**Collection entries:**
* * *
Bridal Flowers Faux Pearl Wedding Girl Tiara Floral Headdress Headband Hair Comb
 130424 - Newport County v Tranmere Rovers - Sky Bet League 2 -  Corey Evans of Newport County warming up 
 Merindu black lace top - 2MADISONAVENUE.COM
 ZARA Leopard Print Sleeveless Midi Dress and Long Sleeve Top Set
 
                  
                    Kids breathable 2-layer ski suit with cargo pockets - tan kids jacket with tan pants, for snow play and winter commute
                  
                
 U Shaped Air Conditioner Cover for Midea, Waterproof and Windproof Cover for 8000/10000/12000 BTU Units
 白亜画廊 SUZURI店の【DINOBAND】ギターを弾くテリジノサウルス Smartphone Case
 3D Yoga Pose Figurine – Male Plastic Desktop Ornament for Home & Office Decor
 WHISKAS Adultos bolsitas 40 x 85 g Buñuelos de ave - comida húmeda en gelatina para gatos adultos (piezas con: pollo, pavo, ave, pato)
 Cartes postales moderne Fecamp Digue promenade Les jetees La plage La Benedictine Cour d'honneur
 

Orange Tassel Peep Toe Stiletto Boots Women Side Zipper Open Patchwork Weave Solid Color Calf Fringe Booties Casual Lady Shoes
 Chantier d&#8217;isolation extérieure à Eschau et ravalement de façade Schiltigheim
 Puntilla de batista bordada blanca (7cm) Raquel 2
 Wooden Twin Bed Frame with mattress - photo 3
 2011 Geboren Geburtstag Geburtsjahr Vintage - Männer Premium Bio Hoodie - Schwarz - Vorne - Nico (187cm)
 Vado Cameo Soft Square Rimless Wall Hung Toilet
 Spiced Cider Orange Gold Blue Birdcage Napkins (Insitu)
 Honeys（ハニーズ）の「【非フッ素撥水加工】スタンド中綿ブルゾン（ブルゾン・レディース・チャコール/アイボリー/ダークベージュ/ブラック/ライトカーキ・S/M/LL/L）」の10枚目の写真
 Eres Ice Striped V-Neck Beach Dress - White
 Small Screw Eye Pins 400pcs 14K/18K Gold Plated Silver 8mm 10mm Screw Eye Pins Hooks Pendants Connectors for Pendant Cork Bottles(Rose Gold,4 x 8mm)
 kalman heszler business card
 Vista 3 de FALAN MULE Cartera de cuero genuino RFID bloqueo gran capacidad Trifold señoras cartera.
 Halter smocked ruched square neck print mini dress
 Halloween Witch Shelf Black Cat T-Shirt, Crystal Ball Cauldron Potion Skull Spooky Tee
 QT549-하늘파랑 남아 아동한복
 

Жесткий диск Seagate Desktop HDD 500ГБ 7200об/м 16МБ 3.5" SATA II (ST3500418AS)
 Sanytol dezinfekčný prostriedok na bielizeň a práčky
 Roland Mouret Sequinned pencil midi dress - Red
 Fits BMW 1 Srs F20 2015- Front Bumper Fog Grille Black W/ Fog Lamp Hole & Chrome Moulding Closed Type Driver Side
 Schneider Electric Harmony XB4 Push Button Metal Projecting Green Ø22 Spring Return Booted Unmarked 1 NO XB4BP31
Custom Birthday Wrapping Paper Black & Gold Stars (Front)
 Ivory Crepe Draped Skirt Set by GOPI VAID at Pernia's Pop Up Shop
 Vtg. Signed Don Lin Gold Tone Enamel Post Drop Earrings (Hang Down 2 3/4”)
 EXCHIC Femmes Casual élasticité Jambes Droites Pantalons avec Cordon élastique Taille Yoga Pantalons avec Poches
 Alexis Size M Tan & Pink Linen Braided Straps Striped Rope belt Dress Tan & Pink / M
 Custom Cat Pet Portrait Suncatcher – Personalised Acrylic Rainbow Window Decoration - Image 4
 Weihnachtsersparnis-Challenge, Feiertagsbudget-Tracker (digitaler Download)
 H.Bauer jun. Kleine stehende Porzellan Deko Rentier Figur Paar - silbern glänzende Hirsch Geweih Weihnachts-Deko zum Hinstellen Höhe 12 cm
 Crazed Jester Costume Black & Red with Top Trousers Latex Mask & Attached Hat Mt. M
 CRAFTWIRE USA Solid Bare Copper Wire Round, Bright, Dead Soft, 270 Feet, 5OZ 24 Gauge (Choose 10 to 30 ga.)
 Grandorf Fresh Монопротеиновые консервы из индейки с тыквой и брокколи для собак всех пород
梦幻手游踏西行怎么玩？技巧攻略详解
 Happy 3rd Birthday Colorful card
* * *
**EXERCISE:** Tally the lines of the data that include the word "Gold". Reply with the number only.

**EXERCISE SOLUTION:** 4